Le réseau que ces deux fablab ont réussi à tisser avec les acteurs locaux et européens est une des caractéristiques qui les rassemble. Il faut cependant souligner qu’ils sont installés dans un « terreau » très favorable. Ainsi, on dénombre au moins 3 makerspaces sur Berlin, avec la Betahaus (coworking ouvert en 2009) et la C-base (maker space construit sur le mythe d’une station spatiale sous Berlin). Amsterdam fait quant à elle partie des villes fondatrices du réseau des fabcity, dont l’objectif est de relocaliser la production (de biens, de services et agricole) d’ici à 2054, tout en étant connectées entre elles, en appuyant les initiatives DIY notamment. Les fablabs ont dans ce contexte un rôle phare à jouer.
Amsterdam s’appuie donc sur la communauté de la Waag pour construire une politique ambitieuse et une image internationale différenciante. C’est cette même logique qui sous-tend les initiatives de la french tech, qui cherchent à identifier des lieux totem, à même de rassembler des acteurs de l’économie numérique et d’autres secteurs, notamment les « créatifs ». Ocalia a ainsi accompagné la transformation du tiers-lieu de création, production et d’innovation artistique et numérique Blida, implanté à Metz.

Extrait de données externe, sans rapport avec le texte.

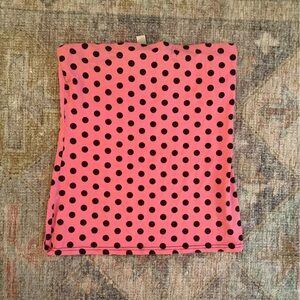 Vintage Y2K No Boundaries Pink and Black Polka Dot Tube Top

L’objectif à terme est de disposer d’un site mixte, mêlant espaces de loisirs et de commerce (mur d’escalade, restaurants…), immobilier d’entreprise, espace de coworking, locaux d’activité et artistiques. L’ambition est également de concentrer des services d’accompagnement et de financement des projets de développement économique d’entreprise, afin de fonder un « guichet unique » du territoire, inscrit dans un réseau d’acteurs territorial aux compétences complémentaires.
Ces expériences amènent à considérer l’intervention des pouvoirs publics dans les tiers-lieux à l’aulne de la contribution globale de ces lieux au développement des territoires. En effet, il est possible, à l’instar du fablab Berlin, d’équilibrer les budgets en mixant les usages et les publics. Toutefois, la véritable plus-value des tiers-lieux se mesure en intégrant les retombées indirectes sur le tissu social et économique local, et en termes de renommée.